Vérifier quelles informations le logiciel conserve, où elles sont hébergées et quels collaborateurs ou prestataires peuvent les consulter.
3. Le recueil d’informations avant la séance.
Séparer les données administratives des informations relatives à la santé. Présenter une information claire et recueillir le consentement explicite lorsque le traitement le requiert.
4. La rédaction des notes.
Limiter les observations à ce qui est utile au suivi. Écarter les diagnostics, les jugements de valeur et les détails sans lien avec l’accompagnement.
5. Le stockage.
Utiliser un service adapté aux données traitées. Contrôler les accès, activer l’authentification forte et éviter les comptes partagés.
6. La facturation.
Conserver les pièces nécessaires dans un espace séparé du suivi. Les obligations comptables et la conservation des notes de séance ne répondent pas à la même finalité.
7. La fin de relation.
Inscrire une date de dernier contact. Prévoir la suppression ou l’archivage limité des données après 3 à 5 ans, selon la politique retenue et les obligations applicables.
8. L’incident.
Documenter la conduite à tenir en cas de vol de téléphone, de hameçonnage, de piratage ou d’envoi erroné. Une réaction rapide réduit l’ampleur de la violation.
Cette organisation doit être réévaluée lorsqu’un nouvel outil est introduit. Ajouter une téléconsultation, un logiciel de gestion ou une campagne de courriels modifie le registre et les informations à fournir. Le cabinet ne reste pas conforme par inertie.
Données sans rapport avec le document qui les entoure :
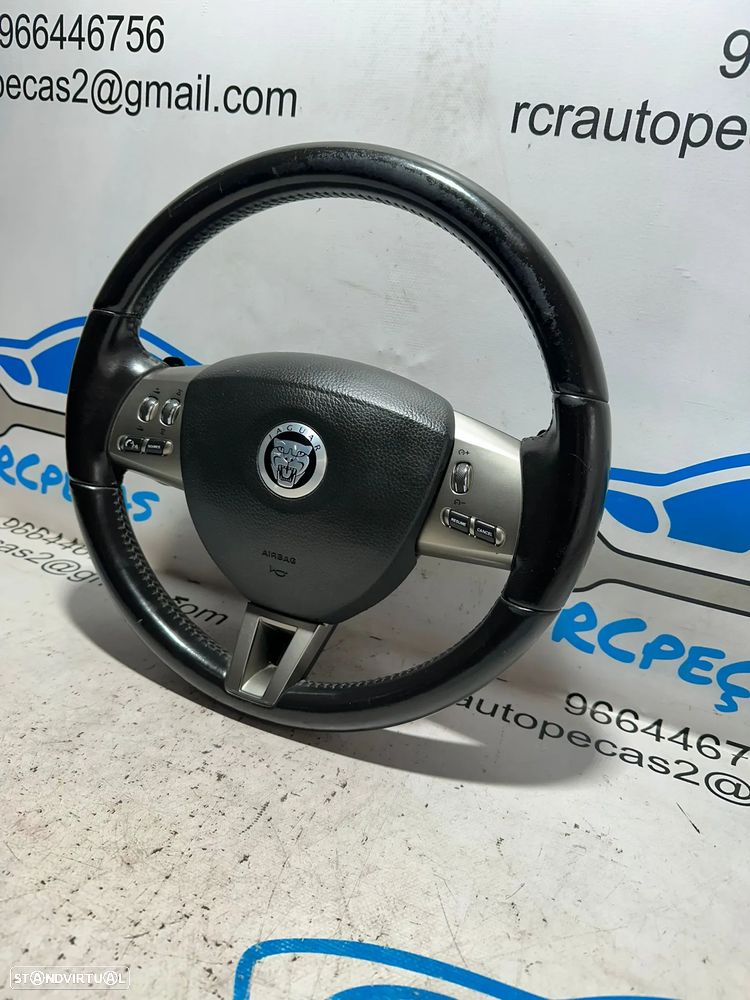 .Volante Pele Patilhas Comandos Multifunções Jaguar XF 1 I X250 2007 - 2015 - 5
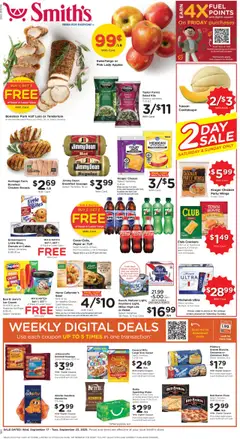 Preview of Smith's weekly ads valid from 17.09.2025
La supervision professionnelle peut aussi intégrer une dimension numérique. Une analyse de pratique ne porte pas seulement sur la relation thérapeute-client ou la conduite d’une séance. Elle peut examiner la manière dont sont rédigées les notes, les informations demandées avant un rendez-vous et les limites de confidentialité annoncées au client.
Ce que le praticien doit retenir
Le RGPD appliqué à l’hypnose repose sur une logique simple. Le praticien collecte des données personnelles. Certaines peuvent être des données de santé. Le traitement devient alors sensible, même si la prestation est présentée comme une démarche de bien-être.
Le cabinet doit donc:
- qualifier les informations recueillies sans tout considérer indistinctement comme médical;
- recueillir un consentement explicite lorsque des données de santé sont traitées sur cette base;
- tenir un registre des activités de traitement;
- choisir des prestataires capables d’assurer une sécurité adaptée, avec un hébergement HDS lorsque le stockage de données de santé chez un tiers l’exige;
- informer les clients de leurs droits;
- limiter la conservation des dossiers, généralement à 3 ou 5 ans après le dernier contact pour les données de suivi;
- distinguer les dossiers de séance des pièces comptables;
- sécuriser les appareils, les accès et les sauvegardes;
- contrôler les cookies et les formulaires du site;
- employer un vocabulaire compatible avec le statut réel du praticien.
La conformité RGPD n’est pas une opération cosmétique destinée à rassurer les visiteurs. C’est une discipline documentaire et technique. Elle protège les personnes accompagnées, clarifie les limites professionnelles et réduit l’exposition du cabinet aux contrôles de la CNIL et de la DGCCRF.
Dans une profession où la confiance constitue une partie du cadre de travail, la précision n’est pas un supplément. C’est la méthode.